** Your task **
Find the word "center" in the records below. List each line containing it.

** Data records **

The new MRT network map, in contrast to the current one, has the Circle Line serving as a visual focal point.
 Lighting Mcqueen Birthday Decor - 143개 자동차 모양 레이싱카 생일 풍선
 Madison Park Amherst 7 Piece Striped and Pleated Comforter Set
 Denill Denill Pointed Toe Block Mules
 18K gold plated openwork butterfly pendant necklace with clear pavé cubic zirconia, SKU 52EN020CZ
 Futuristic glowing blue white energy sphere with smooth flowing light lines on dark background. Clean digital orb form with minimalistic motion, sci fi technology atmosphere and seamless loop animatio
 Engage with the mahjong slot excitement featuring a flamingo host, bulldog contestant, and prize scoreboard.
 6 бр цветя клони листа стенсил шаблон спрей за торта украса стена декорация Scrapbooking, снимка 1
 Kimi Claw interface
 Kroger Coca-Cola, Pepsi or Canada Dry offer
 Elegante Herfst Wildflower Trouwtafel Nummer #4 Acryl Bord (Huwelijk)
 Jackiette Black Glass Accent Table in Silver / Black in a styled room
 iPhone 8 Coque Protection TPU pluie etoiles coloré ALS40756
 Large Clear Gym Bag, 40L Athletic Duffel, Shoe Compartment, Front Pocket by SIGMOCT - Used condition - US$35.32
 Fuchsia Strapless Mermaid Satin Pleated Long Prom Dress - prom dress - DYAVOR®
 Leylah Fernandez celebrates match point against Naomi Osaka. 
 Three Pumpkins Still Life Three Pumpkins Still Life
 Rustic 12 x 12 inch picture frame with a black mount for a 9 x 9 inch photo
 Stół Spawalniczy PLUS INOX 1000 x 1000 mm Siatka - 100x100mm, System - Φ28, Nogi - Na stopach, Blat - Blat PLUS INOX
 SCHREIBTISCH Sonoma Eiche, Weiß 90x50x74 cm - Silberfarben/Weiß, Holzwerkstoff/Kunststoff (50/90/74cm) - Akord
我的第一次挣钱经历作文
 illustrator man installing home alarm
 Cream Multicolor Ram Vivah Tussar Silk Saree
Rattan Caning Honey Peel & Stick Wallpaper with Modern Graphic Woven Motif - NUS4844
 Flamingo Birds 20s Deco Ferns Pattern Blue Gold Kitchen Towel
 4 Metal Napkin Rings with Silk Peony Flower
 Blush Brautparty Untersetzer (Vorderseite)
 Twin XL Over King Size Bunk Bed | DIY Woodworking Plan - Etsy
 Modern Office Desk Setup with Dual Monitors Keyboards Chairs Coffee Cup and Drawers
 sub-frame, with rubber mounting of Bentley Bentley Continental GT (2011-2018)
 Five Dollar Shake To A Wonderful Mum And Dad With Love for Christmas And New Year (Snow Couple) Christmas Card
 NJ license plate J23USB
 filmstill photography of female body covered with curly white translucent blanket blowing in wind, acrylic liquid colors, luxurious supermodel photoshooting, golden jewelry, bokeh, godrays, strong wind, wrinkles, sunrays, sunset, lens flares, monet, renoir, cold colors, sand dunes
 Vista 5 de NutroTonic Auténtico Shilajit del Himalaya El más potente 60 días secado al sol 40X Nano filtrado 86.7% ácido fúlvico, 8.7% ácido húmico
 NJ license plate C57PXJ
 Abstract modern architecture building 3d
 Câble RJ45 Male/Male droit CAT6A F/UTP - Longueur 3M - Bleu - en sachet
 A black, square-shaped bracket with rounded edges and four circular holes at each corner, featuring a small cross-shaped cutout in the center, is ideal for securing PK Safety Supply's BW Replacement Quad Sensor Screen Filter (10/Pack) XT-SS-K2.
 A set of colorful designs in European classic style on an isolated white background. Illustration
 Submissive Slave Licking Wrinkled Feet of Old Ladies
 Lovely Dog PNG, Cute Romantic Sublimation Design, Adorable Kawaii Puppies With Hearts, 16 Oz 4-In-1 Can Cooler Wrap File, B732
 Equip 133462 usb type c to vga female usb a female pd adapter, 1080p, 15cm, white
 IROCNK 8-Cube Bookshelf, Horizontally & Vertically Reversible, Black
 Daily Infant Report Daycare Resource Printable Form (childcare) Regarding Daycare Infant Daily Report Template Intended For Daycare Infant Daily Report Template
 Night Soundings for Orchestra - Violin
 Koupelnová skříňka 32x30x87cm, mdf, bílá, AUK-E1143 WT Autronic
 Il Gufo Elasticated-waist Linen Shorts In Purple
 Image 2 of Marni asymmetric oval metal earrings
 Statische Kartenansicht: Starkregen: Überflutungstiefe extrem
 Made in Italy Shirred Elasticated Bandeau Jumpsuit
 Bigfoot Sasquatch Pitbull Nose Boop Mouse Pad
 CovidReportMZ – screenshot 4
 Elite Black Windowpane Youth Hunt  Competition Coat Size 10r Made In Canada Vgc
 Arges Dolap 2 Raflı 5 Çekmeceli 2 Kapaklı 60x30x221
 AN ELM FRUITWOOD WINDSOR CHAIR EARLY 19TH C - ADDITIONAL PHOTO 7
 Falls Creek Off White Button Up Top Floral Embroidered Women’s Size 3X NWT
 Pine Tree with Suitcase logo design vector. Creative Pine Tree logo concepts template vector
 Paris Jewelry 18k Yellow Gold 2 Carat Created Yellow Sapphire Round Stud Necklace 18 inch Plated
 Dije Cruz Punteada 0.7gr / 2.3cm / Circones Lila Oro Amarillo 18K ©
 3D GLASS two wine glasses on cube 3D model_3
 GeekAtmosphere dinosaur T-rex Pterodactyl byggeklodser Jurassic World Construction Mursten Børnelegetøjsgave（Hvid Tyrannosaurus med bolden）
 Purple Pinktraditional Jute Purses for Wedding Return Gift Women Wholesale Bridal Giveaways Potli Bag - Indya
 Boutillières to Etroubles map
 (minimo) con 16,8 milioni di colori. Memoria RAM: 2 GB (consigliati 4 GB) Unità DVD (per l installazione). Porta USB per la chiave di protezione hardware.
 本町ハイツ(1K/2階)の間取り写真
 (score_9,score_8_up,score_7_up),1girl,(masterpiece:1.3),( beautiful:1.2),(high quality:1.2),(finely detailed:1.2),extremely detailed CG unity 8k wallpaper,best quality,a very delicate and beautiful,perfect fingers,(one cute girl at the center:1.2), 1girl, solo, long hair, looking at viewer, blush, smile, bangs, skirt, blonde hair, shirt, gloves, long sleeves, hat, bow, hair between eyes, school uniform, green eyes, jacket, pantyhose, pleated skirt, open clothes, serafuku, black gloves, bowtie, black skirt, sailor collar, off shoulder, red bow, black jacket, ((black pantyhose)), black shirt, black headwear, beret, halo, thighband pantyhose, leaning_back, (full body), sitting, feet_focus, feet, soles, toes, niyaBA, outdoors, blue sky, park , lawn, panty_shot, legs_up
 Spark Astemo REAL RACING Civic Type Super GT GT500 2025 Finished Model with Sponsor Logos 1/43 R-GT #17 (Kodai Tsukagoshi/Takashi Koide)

** Task response **
 A black, square-shaped bracket with rounded edges and four circular holes at each corner, featuring a small cross-shaped cutout in the center, is ideal for securing PK Safety Supply's BW Replacement Quad Sensor Screen Filter (10/Pack) XT-SS-K2.
 (score_9,score_8_up,score_7_up),1girl,(masterpiece:1.3),( beautiful:1.2),(high quality:1.2),(finely detailed:1.2),extremely detailed CG unity 8k wallpaper,best quality,a very delicate and beautiful,perfect fingers,(one cute girl at the center:1.2), 1girl, solo, long hair, looking at viewer, blush, smile, bangs, skirt, blonde hair, shirt, gloves, long sleeves, hat, bow, hair between eyes, school uniform, green eyes, jacket, pantyhose, pleated skirt, open clothes, serafuku, black gloves, bowtie, black skirt, sailor collar, off shoulder, red bow, black jacket, ((black pantyhose)), black shirt, black headwear, beret, halo, thighband pantyhose, leaning_back, (full body), sitting, feet_focus, feet, soles, toes, niyaBA, outdoors, blue sky, park , lawn, panty_shot, legs_up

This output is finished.